Hay veces que a uno se le pasan por la cabeza ideas de lo más peregrinas. Durante un viaje en tren pensaba en los camellos, sí en esos animales del desierto. Y me resultaba difícil imaginarlos asilvestrados, antes de que fueran utilizados por las personas para el transporte. Como si los pobres camellos no tuvieran más sentido en este universo que estar al servicio de los humanos.
Pero es que estos pensamientos inconsistentes me llevaban a no encontrar sentido a las plantas, las rocas o los insectos que están fuera del alcance de los hombres, perdidos en cualquier selva. Como si su sentido estuviera a expensas del uso que podríamos darles las personas, directa o indirectamente.
Eso de asociar el sentido de algo a su utilidad creo que tiene más fuerza de lo que me parecía. De hecho, acabo de darme cuenta que encadenar una actividad tras otra tiene tanto poder sobre mí, no sólo porque me ocupa y me entretiene, sino sobre todo, porque parece alimentar mi búsqueda de sentido al percibirme útil, productivo.
Pero habría otra forma de entender este tema. Y es asociar el sentido de la vida, no a lo que haces, sino a tu misma existencia. Es decir, por el hecho de existir en este mundo, tu vida ya tiene un sentido, ya está sostenida: “no pretendo grandezas que superan mi capacidad. No, me mantengo en paz y silencio como un niño en brazos de su madre” (Salmo 131). No necesitamos hacer nada, sólo por el simple hecho de “ser” nuestra vida ya tiene valor, ya tiene una orientación. Pero para percibirlo necesitamos pararnos, abrirnos, dejarnos ser en medio de la realidad y dejar que ella te inunde y te guíe. Necesitamos -desde nuestra conquistada autonomía- dejar que la vida tome la iniciativa y permitirnos empapar por ella, por todo lo que te da, sin necesidad de hacer nada.
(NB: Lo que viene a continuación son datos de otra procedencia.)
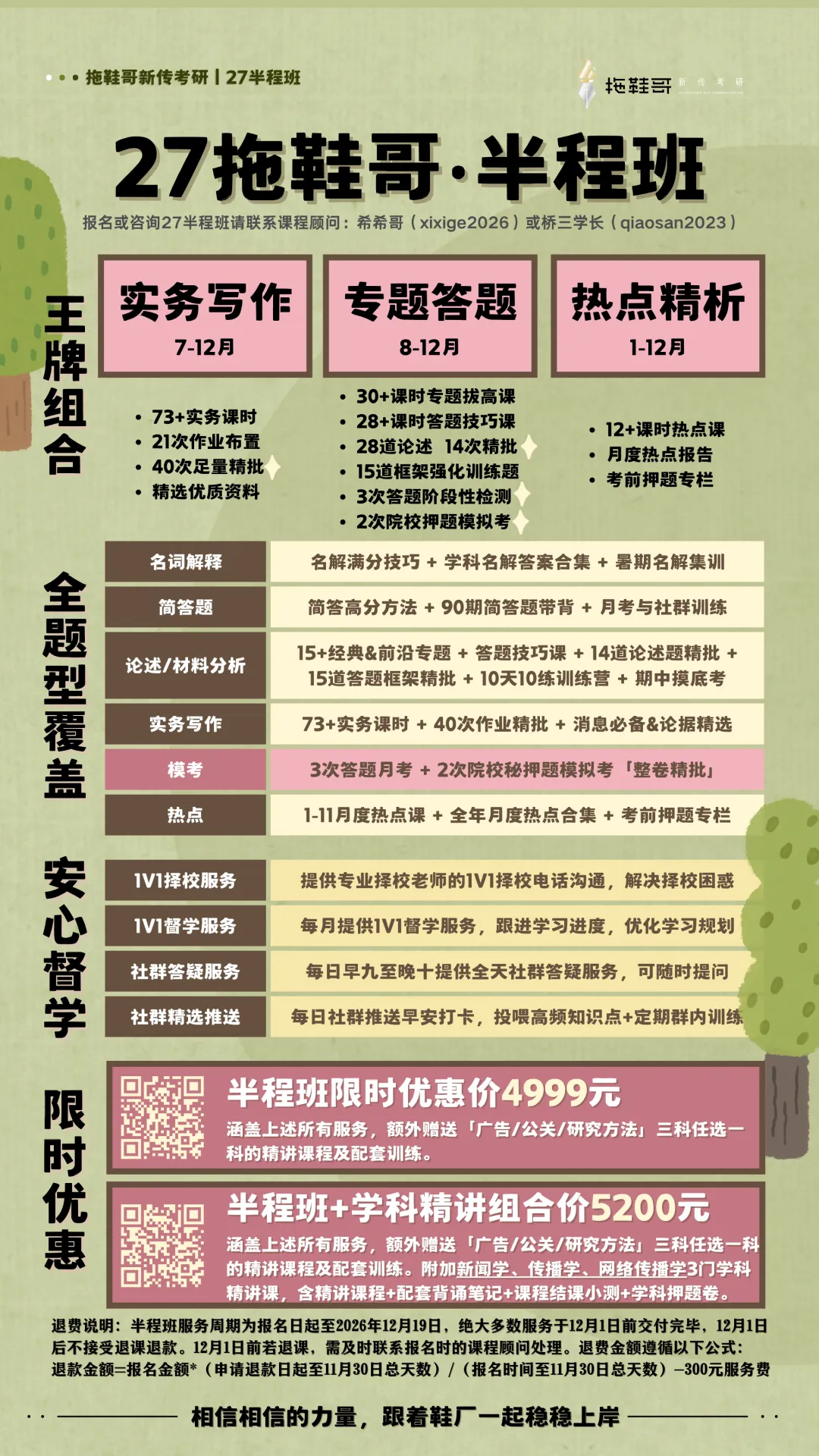 已经8月了,你有给自己院校的真题做分类表单吗?-第5张图片-四季读书网 已经8月了,你有给自己院校的真题做分类表单吗?-第5张图片-四季读书网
Es lo que creo que conseguía la niña ciega y sorda, de la película “La historia de Marie Heurtin”. Y lo hacía sin la capacidad de la vista o el oído, y durante mucho tiempo sin poder comunicarse verbalmente. Pero con un sentido del tacto desarrollado infinitamente se fusionaba con la realidad viviéndola y disfrutándola, en algunos momentos, tan intensamente que despertaba en mí, admiración y hasta envidia. Creo que la niña sentía como nadie la incondicionalidad del desprendimiento de Dios con nosotros, en cada instante de la existencia. Cuando uno ha experimentado que la realidad es tan generosa y tan desbordante, puede decir convencido que “todo el que pide recibe, y el que busca encuentra” (Mt 7, 7) porque sabe que la existencia quiere darse y sólo necesita alguien que se abra a ella.